If pictures appear among the lines below, leave them out while you return exactly the lines from the one with "Studentenuniform-Dessous-Set für Frauen, zweiteilige" through the one with "Shower Grab Bars".

*** Data for processing ***

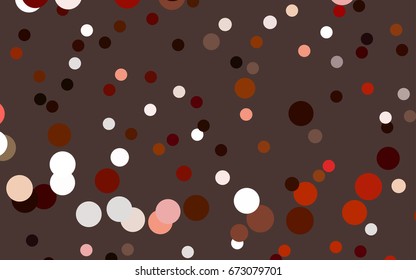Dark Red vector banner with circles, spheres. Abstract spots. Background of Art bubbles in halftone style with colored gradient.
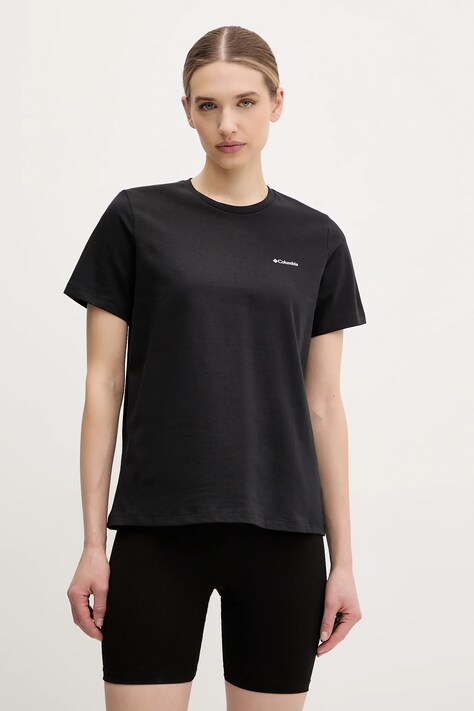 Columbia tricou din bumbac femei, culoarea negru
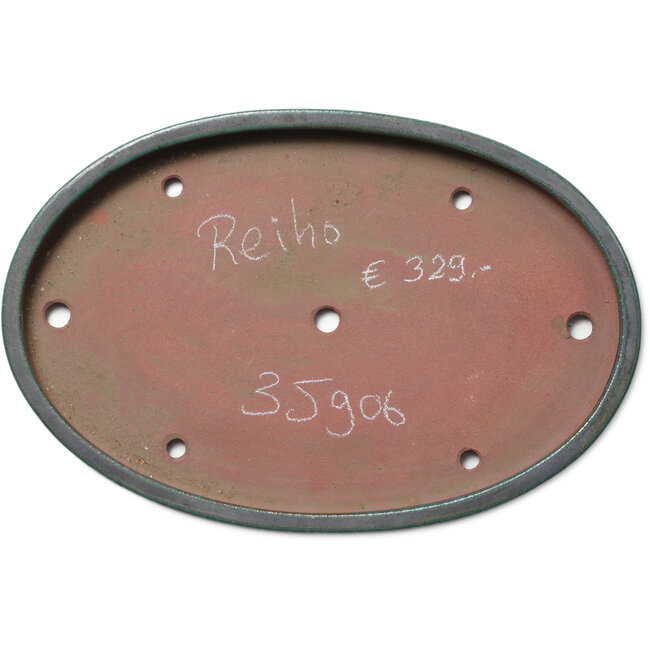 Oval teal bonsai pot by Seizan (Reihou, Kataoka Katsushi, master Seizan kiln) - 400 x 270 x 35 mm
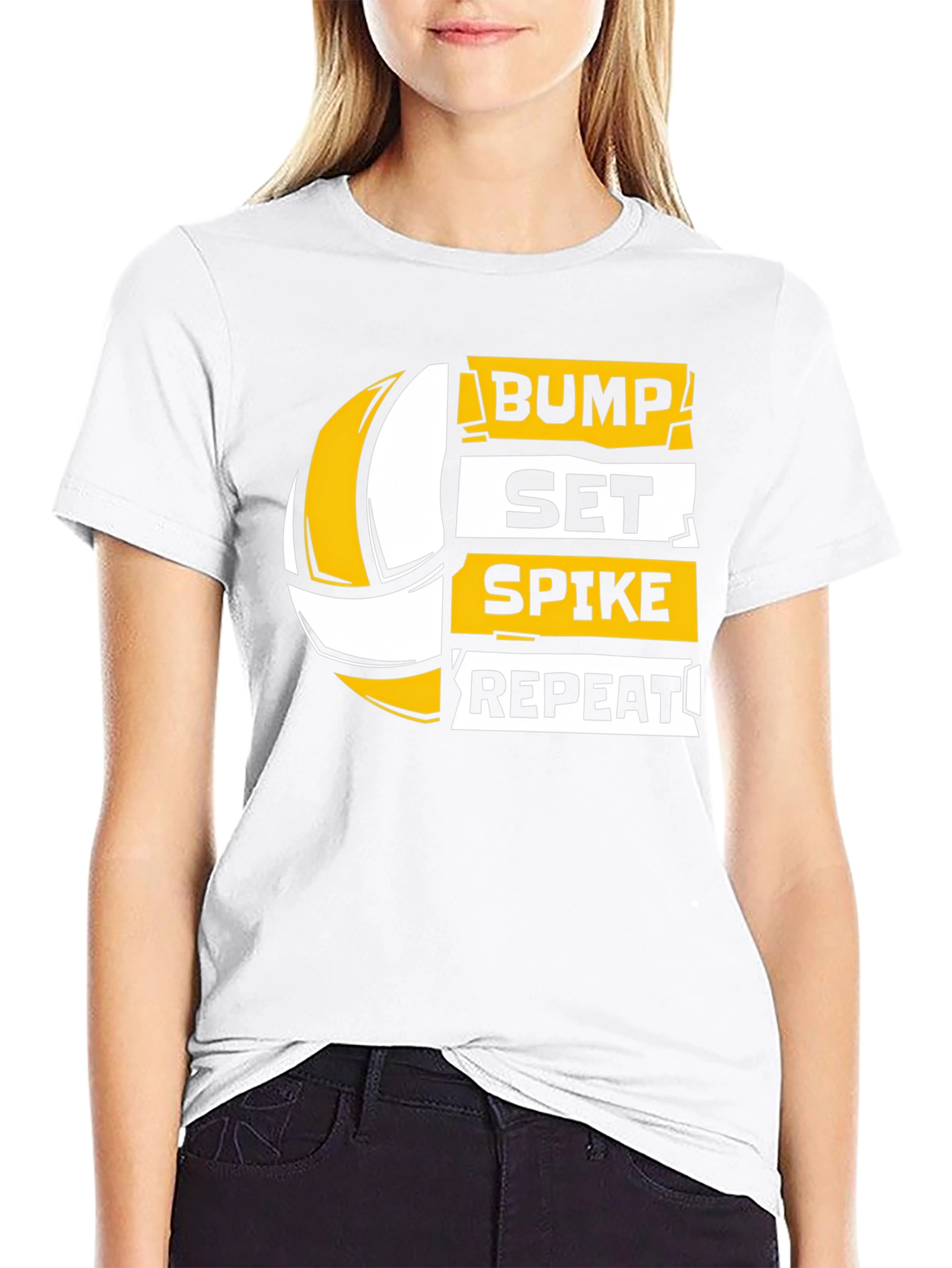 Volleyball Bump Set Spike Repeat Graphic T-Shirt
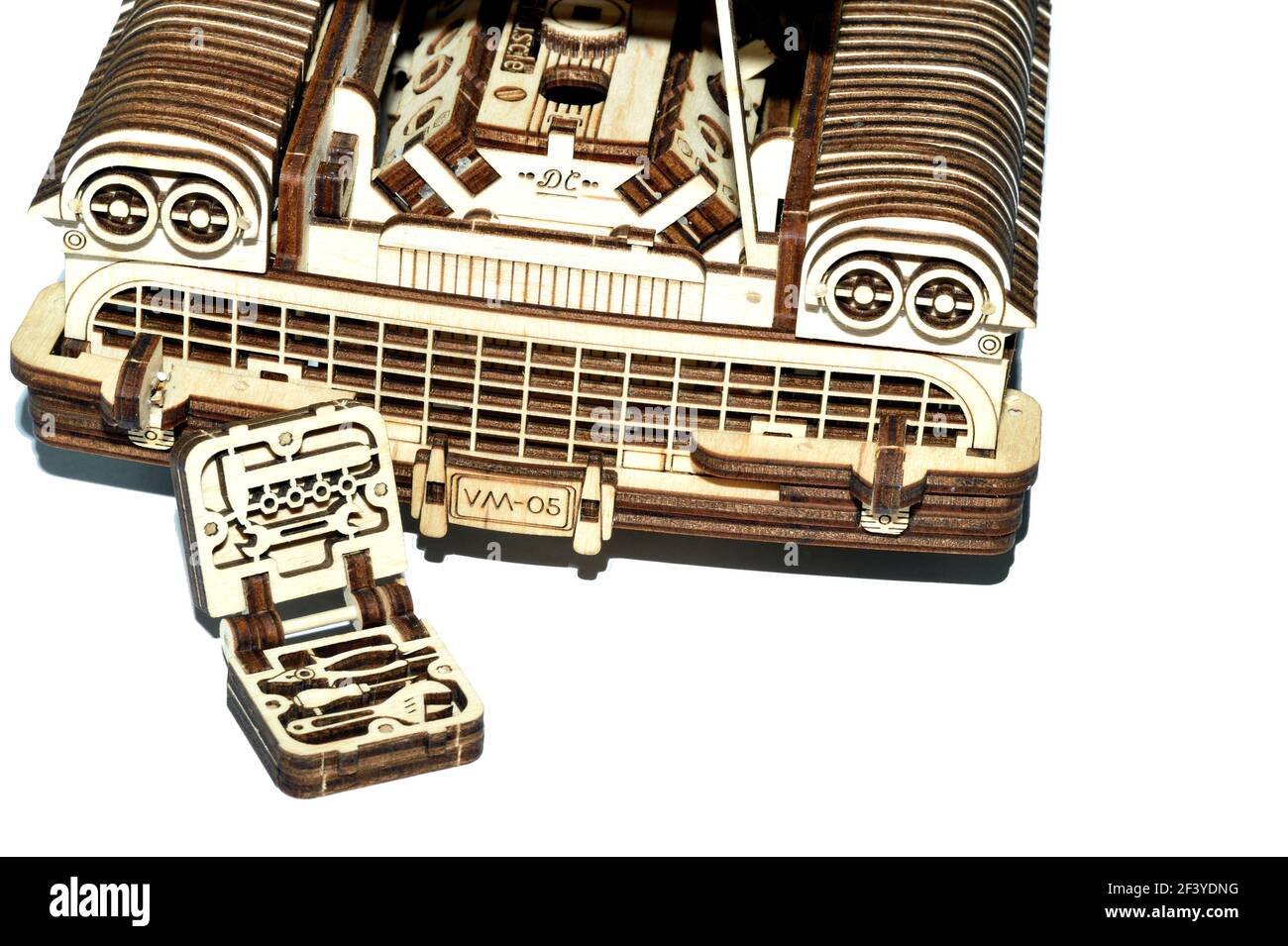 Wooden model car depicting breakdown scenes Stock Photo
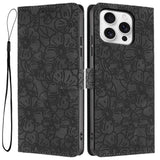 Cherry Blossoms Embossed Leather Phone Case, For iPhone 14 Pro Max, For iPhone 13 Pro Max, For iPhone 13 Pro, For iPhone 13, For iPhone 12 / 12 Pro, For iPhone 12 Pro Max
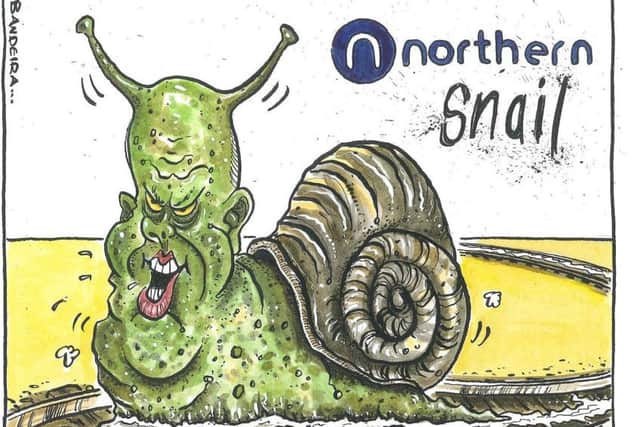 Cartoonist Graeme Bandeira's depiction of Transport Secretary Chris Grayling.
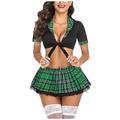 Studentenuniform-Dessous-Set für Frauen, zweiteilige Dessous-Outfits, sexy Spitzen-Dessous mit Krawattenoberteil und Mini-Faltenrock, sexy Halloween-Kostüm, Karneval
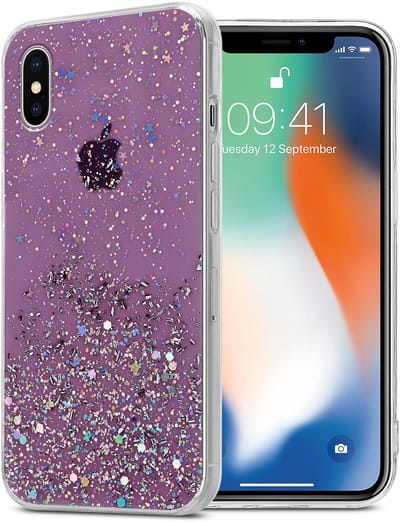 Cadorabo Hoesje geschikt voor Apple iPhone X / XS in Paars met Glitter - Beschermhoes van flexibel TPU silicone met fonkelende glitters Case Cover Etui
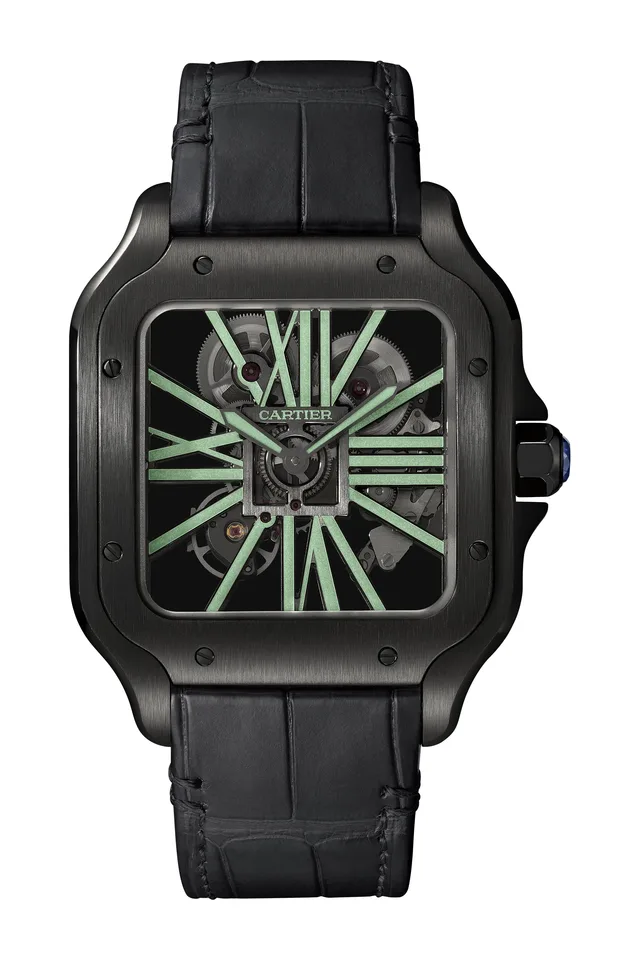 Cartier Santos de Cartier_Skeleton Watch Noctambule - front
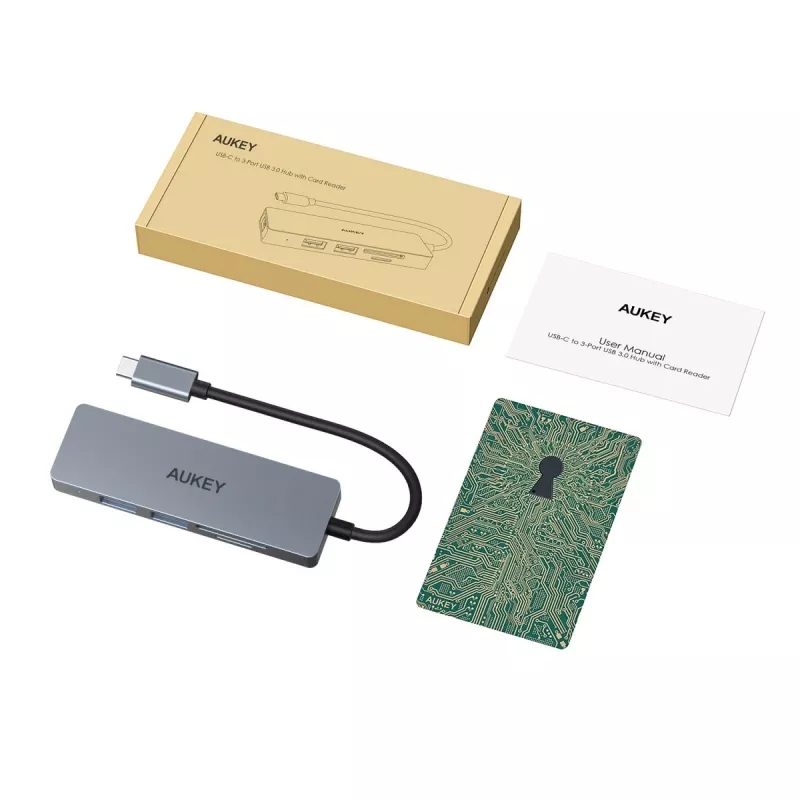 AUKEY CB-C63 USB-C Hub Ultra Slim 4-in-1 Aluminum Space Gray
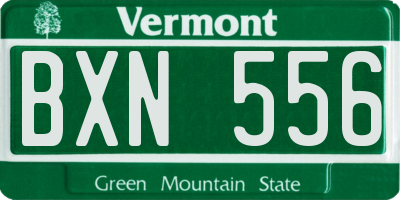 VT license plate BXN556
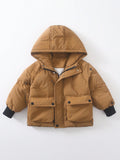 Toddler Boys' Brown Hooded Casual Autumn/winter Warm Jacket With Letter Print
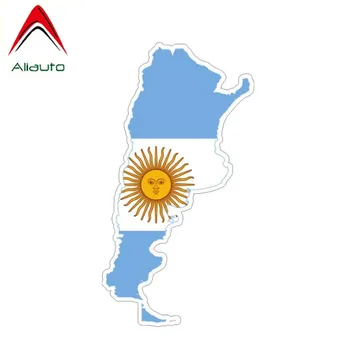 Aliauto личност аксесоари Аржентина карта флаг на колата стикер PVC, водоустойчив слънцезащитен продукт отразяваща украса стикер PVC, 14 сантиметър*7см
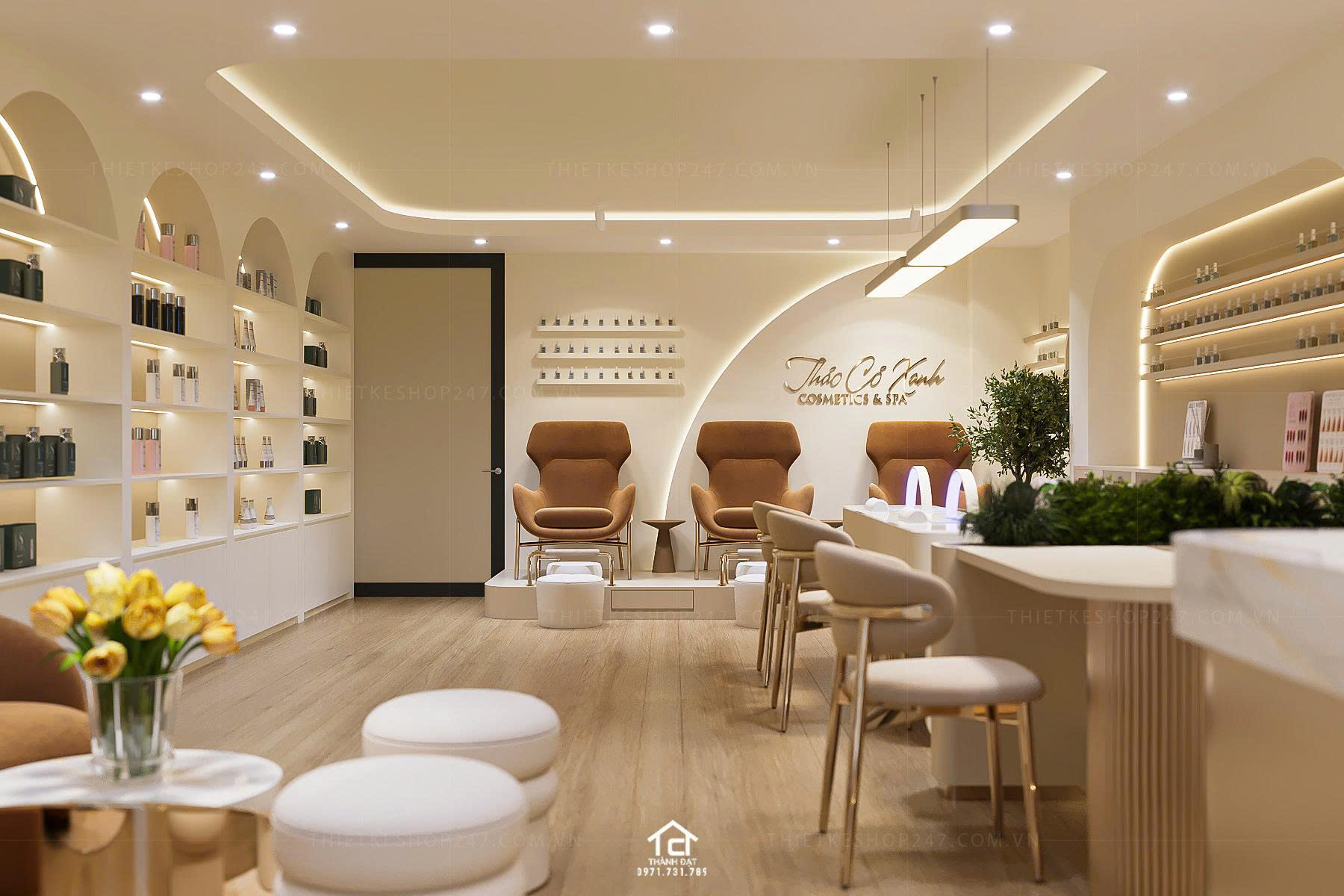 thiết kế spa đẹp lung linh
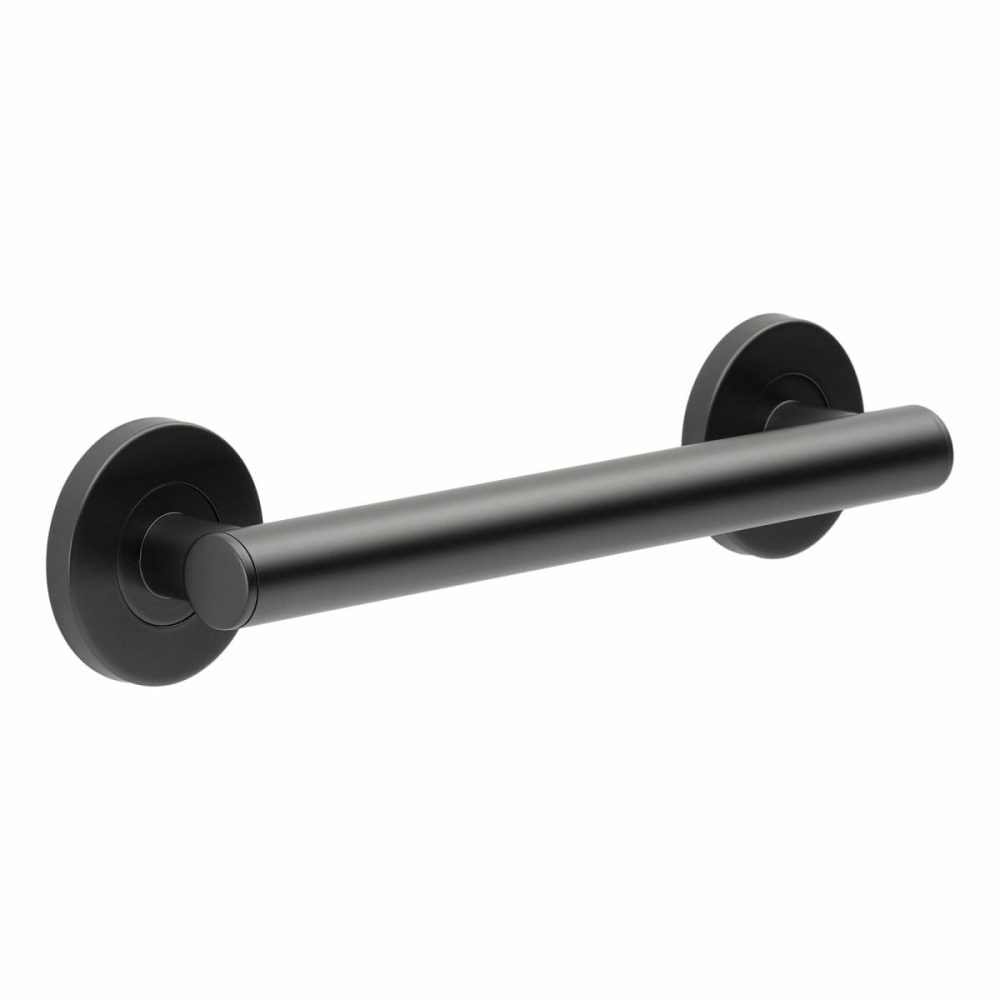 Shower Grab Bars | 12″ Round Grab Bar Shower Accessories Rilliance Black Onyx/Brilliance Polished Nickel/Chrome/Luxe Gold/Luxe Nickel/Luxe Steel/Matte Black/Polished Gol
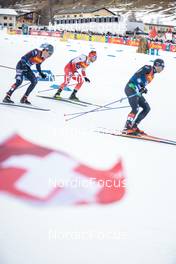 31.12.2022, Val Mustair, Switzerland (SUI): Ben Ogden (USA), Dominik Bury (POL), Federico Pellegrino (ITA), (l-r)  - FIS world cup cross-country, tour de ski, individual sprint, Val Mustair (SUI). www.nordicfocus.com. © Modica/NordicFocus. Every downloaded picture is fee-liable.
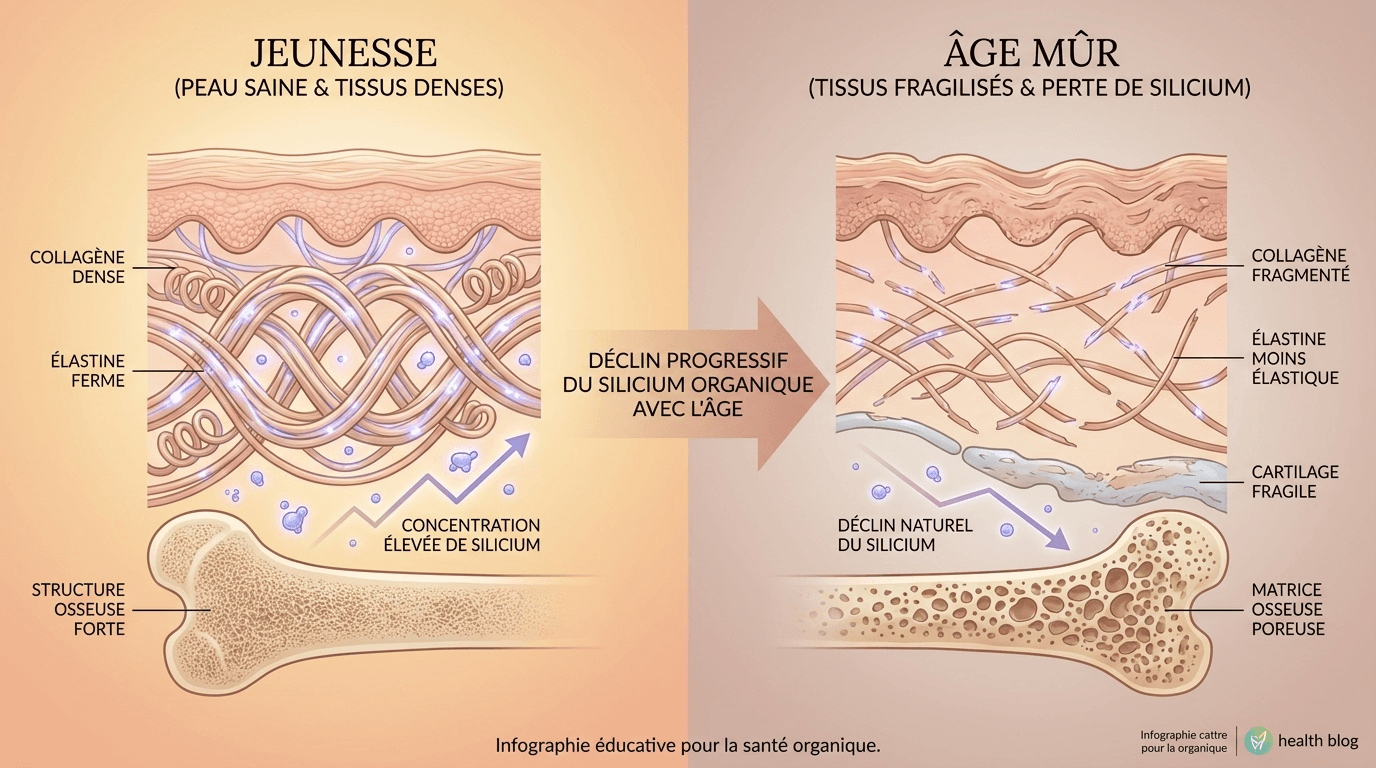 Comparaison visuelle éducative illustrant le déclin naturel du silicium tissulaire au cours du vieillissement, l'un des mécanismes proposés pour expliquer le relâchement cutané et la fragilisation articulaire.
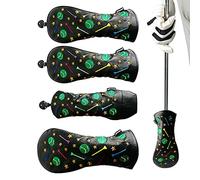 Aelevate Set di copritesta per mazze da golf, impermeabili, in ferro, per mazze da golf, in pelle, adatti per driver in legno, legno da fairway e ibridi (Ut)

*** End of Data for processing ***

### Written solution
 Studentenuniform-Dessous-Set für Frauen, zweiteilige Dessous-Outfits, sexy Spitzen-Dessous mit Krawattenoberteil und Mini-Faltenrock, sexy Halloween-Kostüm, Karneval
 Cadorabo Hoesje geschikt voor Apple iPhone X / XS in Paars met Glitter - Beschermhoes van flexibel TPU silicone met fonkelende glitters Case Cover Etui
 Cartier Santos de Cartier_Skeleton Watch Noctambule - front
 AUKEY CB-C63 USB-C Hub Ultra Slim 4-in-1 Aluminum Space Gray
 VT license plate BXN556
 Toddler Boys' Brown Hooded Casual Autumn/winter Warm Jacket With Letter Print
 Aliauto личност аксесоари Аржентина карта флаг на колата стикер PVC, водоустойчив слънцезащитен продукт отразяваща украса стикер PVC, 14 сантиметър*7см
 thiết kế spa đẹp lung linh
 Shower Grab Bars | 12″ Round Grab Bar Shower Accessories Rilliance Black Onyx/Brilliance Polished Nickel/Chrome/Luxe Gold/Luxe Nickel/Luxe Steel/Matte Black/Polished Gol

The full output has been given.